This successfully compiles with dmd 2.099.1 but fails with 2.100.0

I tried to add `return`/`ref` but no luck.


Re: How to fix "typesafe variadic function parameter"?

2022-05-24 Thread Adam Ruppe via Digitalmars-d-learn

On Tuesday, 24 May 2022 at 22:46:55 UTC, Andrey Zherikov wrote:

return S(s);


return S(s.dup);


The variadic lives in a temporary array that expires at the end 
of the function. So copying it out to the GC lets it live on.


Your code was wrong on 2.099 too, but the compiler didn't tell 
you.




Re: How to fix "typesafe variadic function parameter"?

2022-05-24 Thread Andrey Zherikov via Digitalmars-d-learn

On Tuesday, 24 May 2022 at 22:51:50 UTC, Adam Ruppe wrote:

On Tuesday, 24 May 2022 at 22:46:55 UTC, Andrey Zherikov wrote:

return S(s);


return S(s.dup);


The variadic lives in a temporary array that expires at the end 
of the function.

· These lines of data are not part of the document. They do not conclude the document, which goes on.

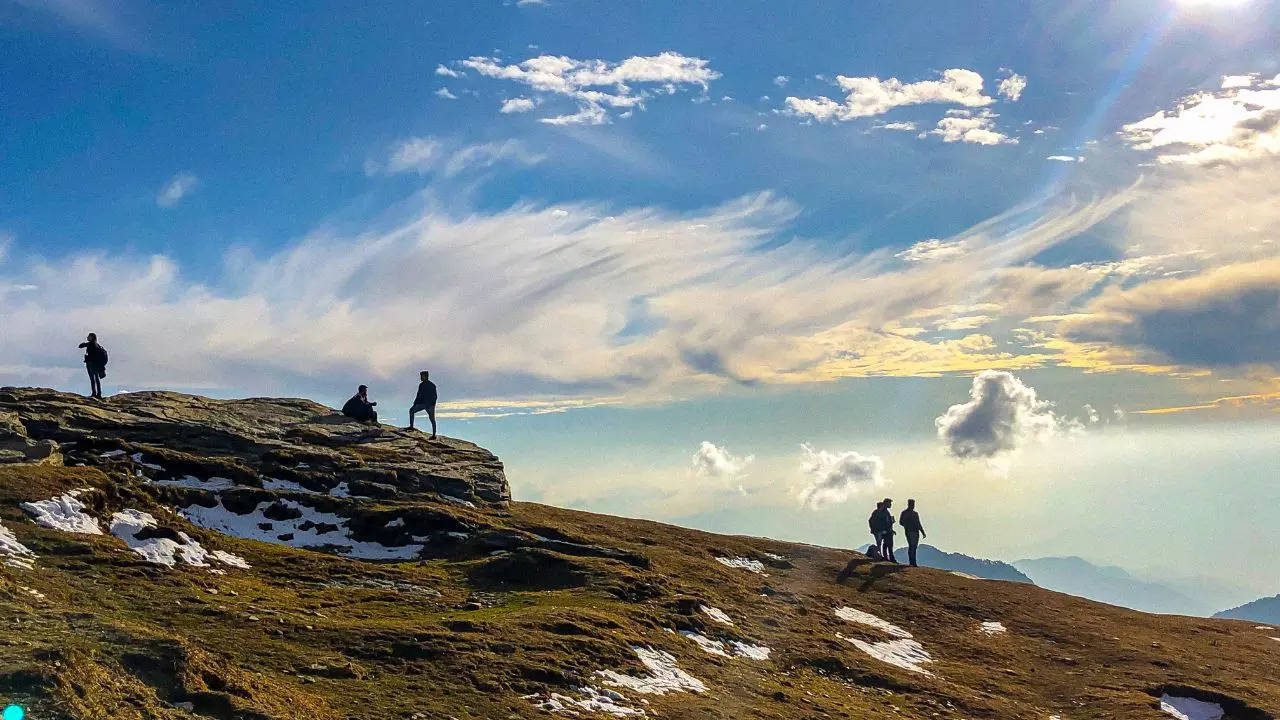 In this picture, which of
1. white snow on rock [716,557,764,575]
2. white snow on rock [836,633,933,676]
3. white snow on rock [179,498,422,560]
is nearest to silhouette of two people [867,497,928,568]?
white snow on rock [716,557,764,575]

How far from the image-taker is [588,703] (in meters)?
21.4

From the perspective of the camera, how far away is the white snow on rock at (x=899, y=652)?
34.6 metres

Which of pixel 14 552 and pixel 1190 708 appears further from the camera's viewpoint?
pixel 1190 708

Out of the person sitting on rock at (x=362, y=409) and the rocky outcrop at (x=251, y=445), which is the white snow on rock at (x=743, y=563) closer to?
the rocky outcrop at (x=251, y=445)

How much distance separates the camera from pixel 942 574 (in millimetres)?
53812

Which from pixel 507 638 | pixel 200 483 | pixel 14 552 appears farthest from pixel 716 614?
pixel 200 483

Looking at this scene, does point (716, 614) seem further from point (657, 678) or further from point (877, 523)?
point (877, 523)

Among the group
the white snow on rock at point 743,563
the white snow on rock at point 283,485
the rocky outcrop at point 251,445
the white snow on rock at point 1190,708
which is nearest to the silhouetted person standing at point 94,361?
the rocky outcrop at point 251,445

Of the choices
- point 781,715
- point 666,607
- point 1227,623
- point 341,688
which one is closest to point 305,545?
point 666,607

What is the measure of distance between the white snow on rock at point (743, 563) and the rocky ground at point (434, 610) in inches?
10.1

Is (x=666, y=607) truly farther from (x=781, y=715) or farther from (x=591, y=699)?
(x=591, y=699)

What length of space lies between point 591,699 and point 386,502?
2477 cm

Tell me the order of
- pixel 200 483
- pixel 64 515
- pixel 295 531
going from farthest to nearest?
1. pixel 200 483
2. pixel 295 531
3. pixel 64 515

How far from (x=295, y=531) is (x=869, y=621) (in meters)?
27.5
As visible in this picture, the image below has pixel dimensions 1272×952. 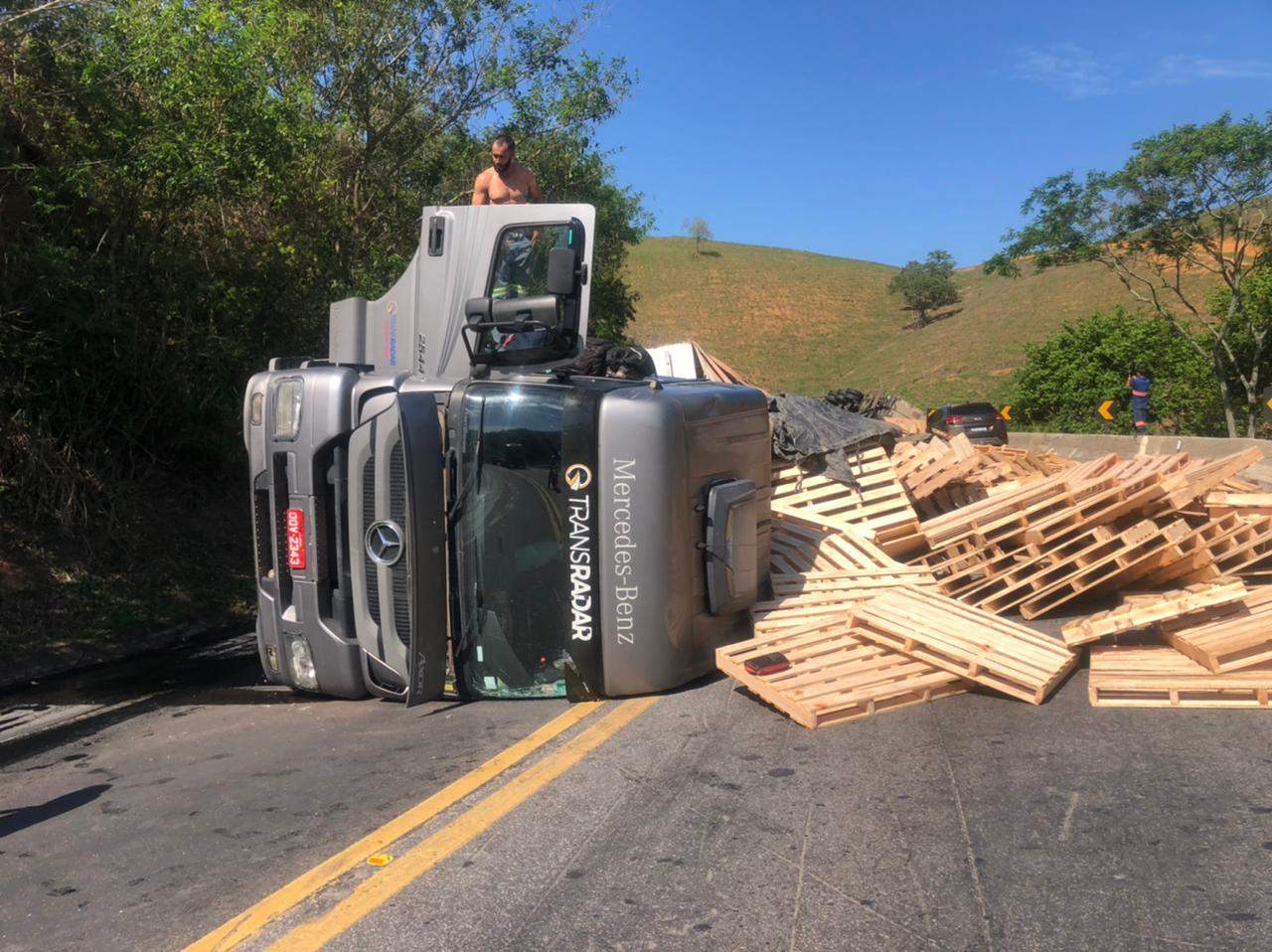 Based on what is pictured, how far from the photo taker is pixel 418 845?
3.63 metres

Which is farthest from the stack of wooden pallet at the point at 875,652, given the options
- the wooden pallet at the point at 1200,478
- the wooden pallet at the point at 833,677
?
the wooden pallet at the point at 1200,478

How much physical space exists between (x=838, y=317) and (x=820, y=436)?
86.2m

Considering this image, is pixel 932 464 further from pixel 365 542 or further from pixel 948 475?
pixel 365 542

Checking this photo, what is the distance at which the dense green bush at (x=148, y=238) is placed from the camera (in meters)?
9.52

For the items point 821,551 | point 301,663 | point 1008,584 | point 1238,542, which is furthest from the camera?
point 1238,542

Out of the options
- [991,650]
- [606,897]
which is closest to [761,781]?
[606,897]

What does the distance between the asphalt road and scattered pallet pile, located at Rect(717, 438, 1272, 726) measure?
21 cm

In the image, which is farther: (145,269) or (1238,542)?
(145,269)

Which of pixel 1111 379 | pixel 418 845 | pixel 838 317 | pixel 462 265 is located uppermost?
pixel 838 317

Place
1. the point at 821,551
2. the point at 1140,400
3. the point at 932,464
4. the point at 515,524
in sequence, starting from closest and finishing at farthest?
1. the point at 515,524
2. the point at 821,551
3. the point at 932,464
4. the point at 1140,400

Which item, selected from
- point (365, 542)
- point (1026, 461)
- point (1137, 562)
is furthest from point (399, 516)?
point (1026, 461)

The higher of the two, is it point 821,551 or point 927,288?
point 927,288

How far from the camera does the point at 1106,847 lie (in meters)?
3.46

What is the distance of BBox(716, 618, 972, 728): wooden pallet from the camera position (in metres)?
4.89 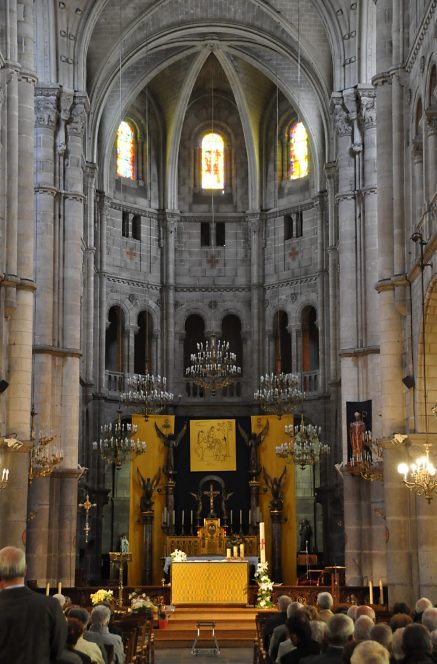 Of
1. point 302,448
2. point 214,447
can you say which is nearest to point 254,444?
point 214,447

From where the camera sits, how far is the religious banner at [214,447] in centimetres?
4709

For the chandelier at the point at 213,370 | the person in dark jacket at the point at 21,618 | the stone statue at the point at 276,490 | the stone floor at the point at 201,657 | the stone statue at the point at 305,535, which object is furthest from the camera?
the stone statue at the point at 305,535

So copying it out to the GC lets it live on.


Your code was wrong on 2.099 too, but the compiler didn't tell 
you.


That works, thank you!

Can this error message be improved some way so this fix becomes 
obvious?


Re: How to fix "typesafe variadic function parameter"?

2022-05-24 Thread Steven Schveighoffer via Digitalmars-d-learn

On 5/24/22 6:54 PM, Andrey Zherikov wrote:

On Tuesday, 24 May 2022 at 22:51:50 UTC, Adam Ruppe wrote:

On Tuesday, 24 May 2022 at 22:46:55 UTC, Andrey Zherikov wrote:

return S(s);


return S(s.dup);


The variadic lives in a temporary array that expires at the end of the 
function. So copying it out to the GC lets it live on.


Your code was wrong on 2.099 too, but the compiler didn't tell you.


That works, thank you!

Can this error message be improved some way so this fix becomes obvious?


What is happening is that you have an `auto` return function, which 
infers attributes.


The parameter is being returned, which means it infers `return` on the 
parameter. Then decides that it's not legal.


The compiler error message should be more specific about inferred 
attribute errors and why they occurred, because they are super-confusing.


I believe there are some recent gains in this space. But it's not 100% yet.